I’ll be honest, this is an issue I am torn on. I don’t dispute the data quoted above, or blame Americans for feeling like they are being financially harmed by our open border policy. However, I also have great respect and admiration for those who are willing to risk everything to try and make a better life for themselves and their family here in America.

In my younger days I worked in the restaurant industry. While doing so I developed some close relationships with several people who were here illegally. They were some of the kindest, most hardworking and family-focused people I have ever known. Perhaps that is why according to the US Bureau of Labor Statistics, the unemployment rate for foreign born persons here in the US is lower than the national average.

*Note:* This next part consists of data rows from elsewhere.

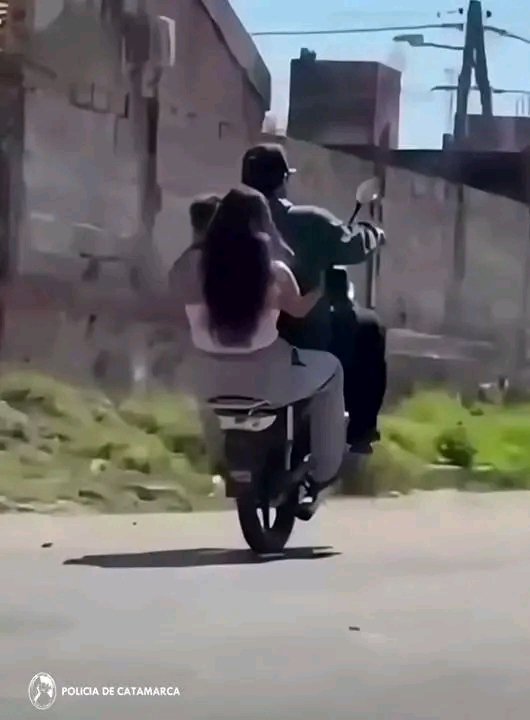 identificaron a motociclistas que realizaban maniobras peligrosas mientras trasladaban a niños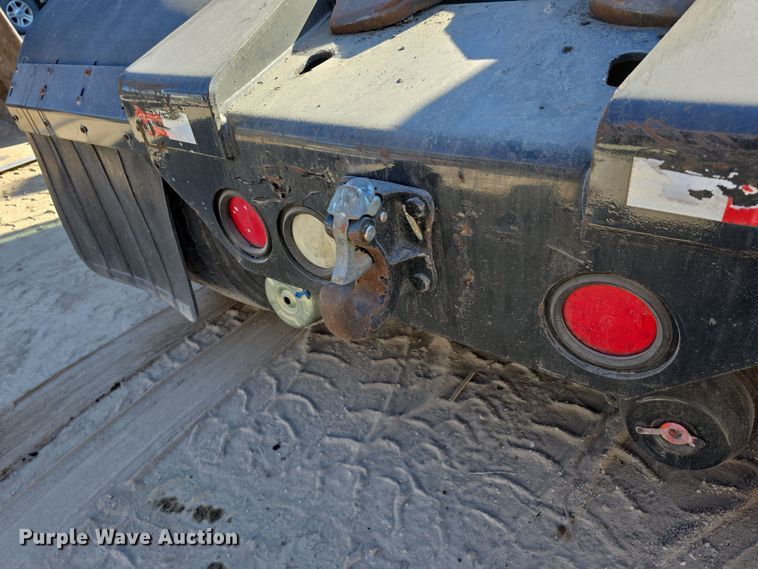 image for item EH8811 2011 Cargotec Solutions LLC 4x2 yard truck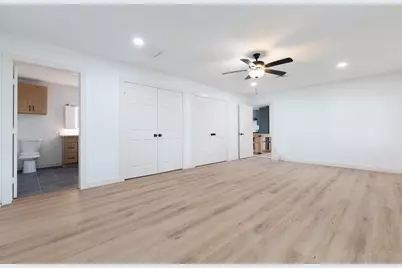 5007 Edfield Street, Houston, TX 77033 - Photo 22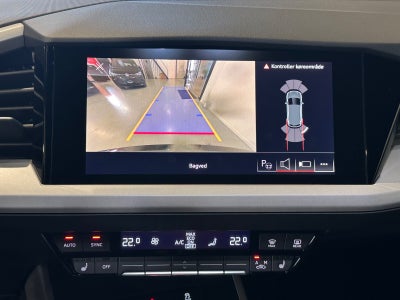 Audi Q4 e-tron Attitude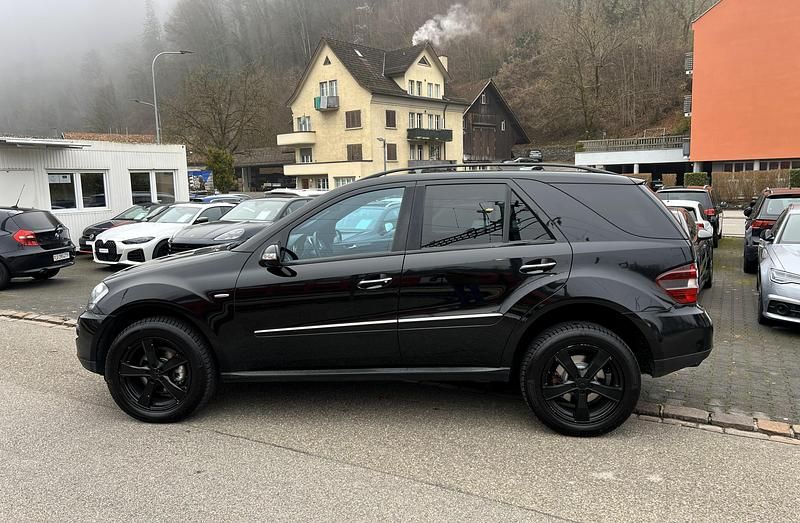 Gebraucht Mercedes ML320 Edition 224 PS (164 kW) 2008 SUV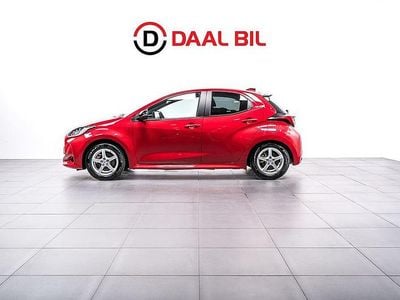 Röd Begagnad 2022 Toyota Yaris Hybrid Sport Sportkupé | 249 700 kr (Marknadspris)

I don’t believe their desire is to be freeloaders. The problem is their lack of skills, and ability to speak the language hinders the types of jobs they can do. In addition, their legal status makes them easily controlled by unscrupulous employers demanding they work for less. This in turn does lower wages for Americans. No doubt about it.

I’m not smart enough to predict who will win this November. But I do know the issue of the border is going to be a major factor in deciding who does. Regardless of where you personally stand on this issue, I hope we all recognize that there is more at play in this than just racism or xenophobia.